What is required:
With pictures removed, the data below should be returned exactly.

=====

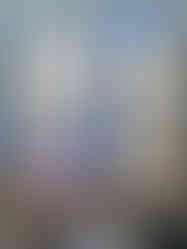 WhatsApp Image 2024-01-03 at 12.22.51
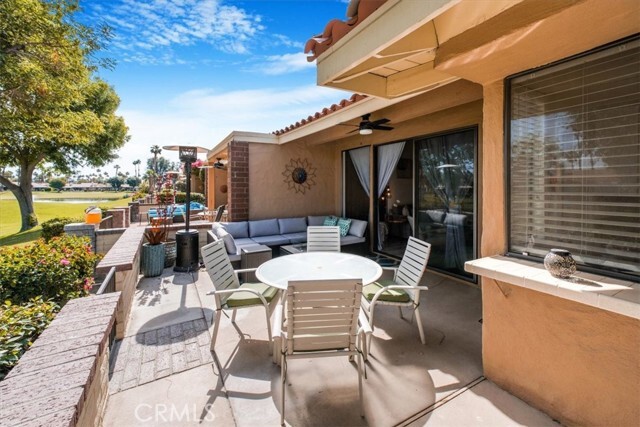 Building Photo - 332 Villena Way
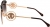 Roberto Cavalli RC-1086-52G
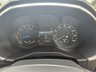 USED 2016 66 FORD S-MAX 2.0 TITANIUM TDCI 5d 148 BHP Sony DAB premium audio & nav system, keyless entry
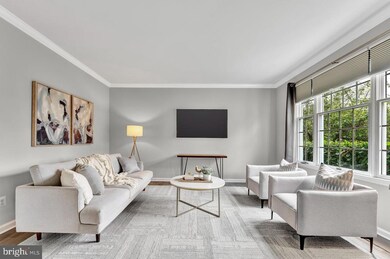 21 Spyglass Rd, Skillman, NJ 08558 - photo 6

=====

Solution:
 WhatsApp Image 2024-01-03 at 12.22.51
 Building Photo - 332 Villena Way
 Roberto Cavalli RC-1086-52G
 USED 2016 66 FORD S-MAX 2.0 TITANIUM TDCI 5d 148 BHP Sony DAB premium audio & nav system, keyless entry
 21 Spyglass Rd, Skillman, NJ 08558 - photo 6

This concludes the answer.